September 18, 2005

Saturday Morning in the Suburbs

We had two cords of firewood delivered yesterday morning. I've got to say, dealing with men who sell firewood is always an interesting experience.

The process of finding someone to purchase logs from was not easy this year. I left messages in five places before I got a response. This particular woodman, the one who actually deigned to return my call, seemed typical of the breed: a slow talker and a bit of a hick. I inquired about price, he quoted me one a bit higher than I expected. I asked if the price included stacking and he said, "Aw, I'm 75 years old. My knees just don't work the way they used to! I'd like to stack it for you, but I'm just not up to it anymore, sir."

That's right. He called me sir. Now I'm not unused to being mistaken for a man on the telephone. Yet I had clearly identified myself as Suzanne both in the message and when I answered his return call.

Anyway. Wendy and I can handle stacking. So we agreed on price and set up delivery. Saturday morning, crack of dawn. Well, not exactly dawn. But "sometime before 8:00." Same diff in our world. I rolled myself out of bed and threw on some clothes when Dudley bayed loudly announcing the man's arrival.

Woodmen can be chatty. I learned quite a bit about this man and his wife, specifically their health issues, in the ten or so minutes he was at the house. I listened politely and nodded in sympathy. He asked me what I do to stay in shape. "I stack wood," I said, chuckling. He looked at me funny. His large truck dumped a humongous pile of logs in our driveway, I paid him and we said our goodbyes.

As he climbed into his truck he said, "Tell your husband I really appreciate his business."

Now there are so many ways I could have responded to that statement. I could have jumped up and down and shouted, "Hey dude, my husband is my wife!" or said, "Yo, mister! Whose name is on that check in your pocket?" or "Jane, you ignorant slut...." Wait. While a fun flashback, that one doesn't apply to the clueless woodman driving down our driveway.

Instead, I just smiled and waved.
Some battles just aren't worth fighting.

.

10 comments:

Elizabeth said...

And you should have struck a pose of demure femininity and replied, in yaw best Suthun accent...
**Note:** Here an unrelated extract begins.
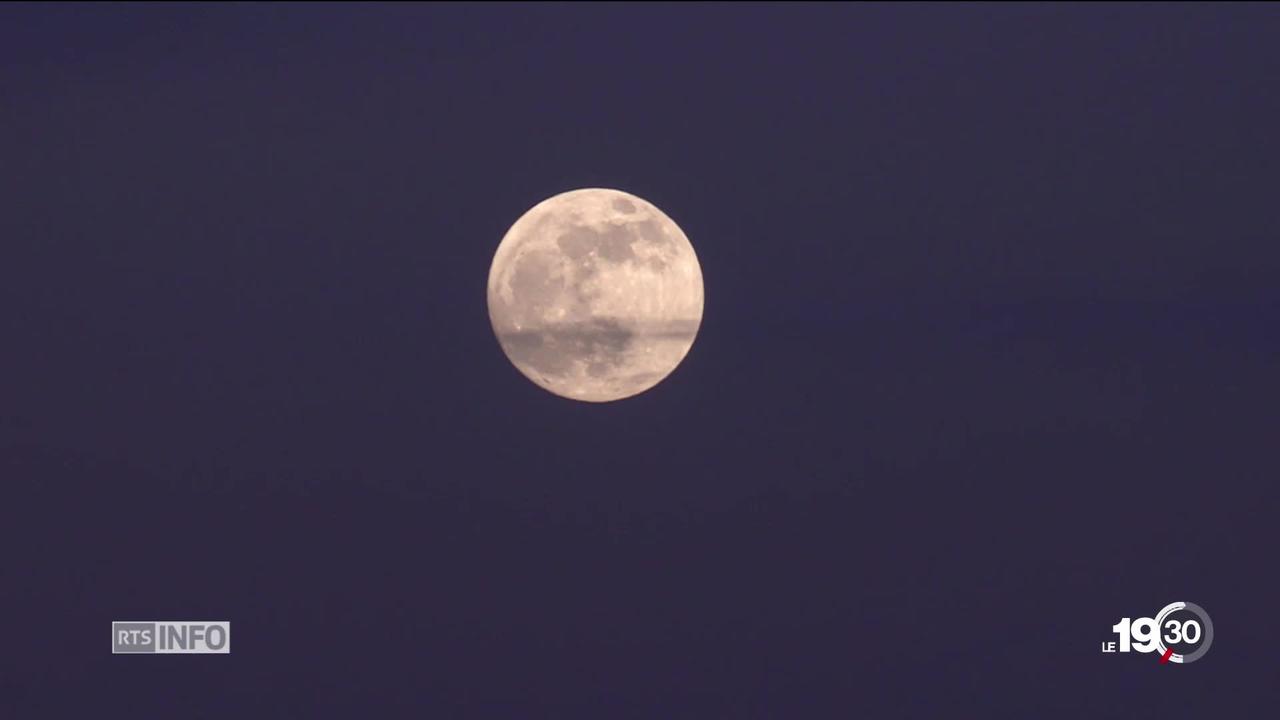 On croit dur comme fer que la pleine lune rend fou: des psychiatres grisonnais réfutent cette thèse grâce à une étude.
"Whi, thank you suh, Ah wus jus sayun to my husband this very mornin' while I wus suckin' his dick, 'Dea-uh, Ah do believe that nyce man wuth the wood is comin' today,' and my husband, Lawd he is a handsome main, replied, 'Dea-uh, you must go greet that nice main and fetch that wood to the back like a good little woman,' and here Ah am, to fetch the wood jus like my dea-uh husband said and latah own, Ah’m, gonna chain my very own self to the stove so Ah ken make my dea-uh, sweet husband his favorite meal of Hungry Joes and Kraft Mac-a-roni an' Cheese and then, Ah'm gonna go suck his dick some mo-uh. Thank you so much, suh, fo' bringin' this wood to us."

(my comment went through...waddyaknow)

Elizabeth said...

So I'm being a lazy slug/artist today...which means in between painting I'm doing this 'stumble' thing on the internet, it's very cool (ask Gina) and did you know...

The name Wendy was made up for the book "Peter Pan."

There ya go. But maybe you knew that.

Alena said...

Man. I tell ya, before I lived in the south, I don't think I realized just how many people still live in the early part of the 1900's. I can totally see this guy, and I love how he obviously believes he has to do his business with your 'husband' instead of the little lady of the house.

I had my hair pretty short a few years ago, but all my traveling through no-man's land in the Midwest quickly broke me of enjoying my hairstyle. The girls were wild over my hair in St. Paul, but I was in the process of moving to WV and so had to take a few trips between several states.

The shocked stares in the bathroom mirror as I emerged from a stall, the people who actually tried to stop me from entering the women's bathroom, hell, the stares in general.. I tired of it really quickly. Admittedly, I am somewhat boyish-looking with short hair, but I have a noticeable chest, a fairly feminine voice, and am really not all that manly.. I couldn't figure it out or get over it.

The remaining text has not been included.